Resident Ellyn Loy will review An American Marriage: A Novel by Tayari Jones [Chapel Hill, NC: Algonquin Books, 2018] on Tuesday, March 17, 2020 at 7 PM in the Auditorium. (Rescheduled to Tuesday, September 15, 2020 at 7 PM on TV 972.)

This bestselling novel is described as a “captivating love story that is also a clear-eyed look at the effects of injustice in contemporary American life. “  The story centers on an African-American couple, Celestial and Roy, young professionals who met while they were both students at historic black universities. They went separate ways after graduation, met again and married.  Roy is a tech salesman who grew up in the small town of Eloe, Louisiana.  Celestial , an artist who makes distinctive dolls, was born and raised in Atlanta, Georgia.

The story develops like a spider web around an incident that happens 18 months into their marriage.. Roy is falsely accused of a crime while the couple is staying at a motel.  He is found guilty, incarcerated and sentenced to many years in prison.

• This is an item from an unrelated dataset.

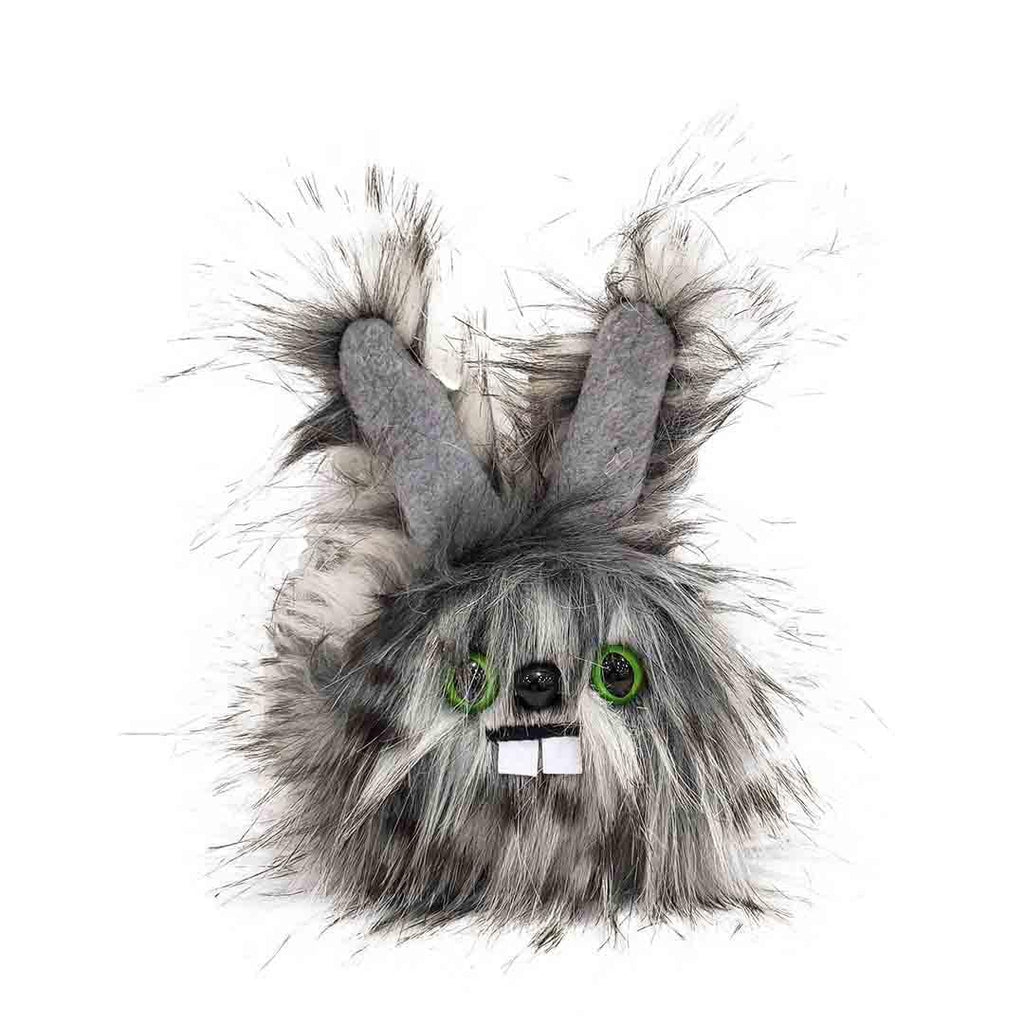 Dust Bunny - Gray and White with Green Eyes by Careful It Bites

The characters tell what happens to this barely- experienced marriage, when this tragedy intervenes. We learn about their families and how they influenced the young couple in their personalities and their choices.

Roy and Celestial alternate telling the story.  A third character, Andre, Celestial’s lifelong friend from Atlanta, adds his perspective.  The story is told using different literary forms, beginning with the first person narrative. Later, during Roy’s incarceration, the story is told through letters the couple write to each other.  It is through these letters, and then the lack of them, that we begin to see what is happening to their American Marriage.

There are several themes that run through this novel- marriage, fatherhood, family. There are also the overriding complexities of race and class. If Roy had been white, would he have been wrongly accused and incarcerated? If Celestial and Roy had been from similar classes and backgrounds, would there have  been a different outcome?

The author, Tayari Jones, has written three previous novels. , which were well received.  She is on the English faculty of Emory University and a faculty member at-large at Cornell University.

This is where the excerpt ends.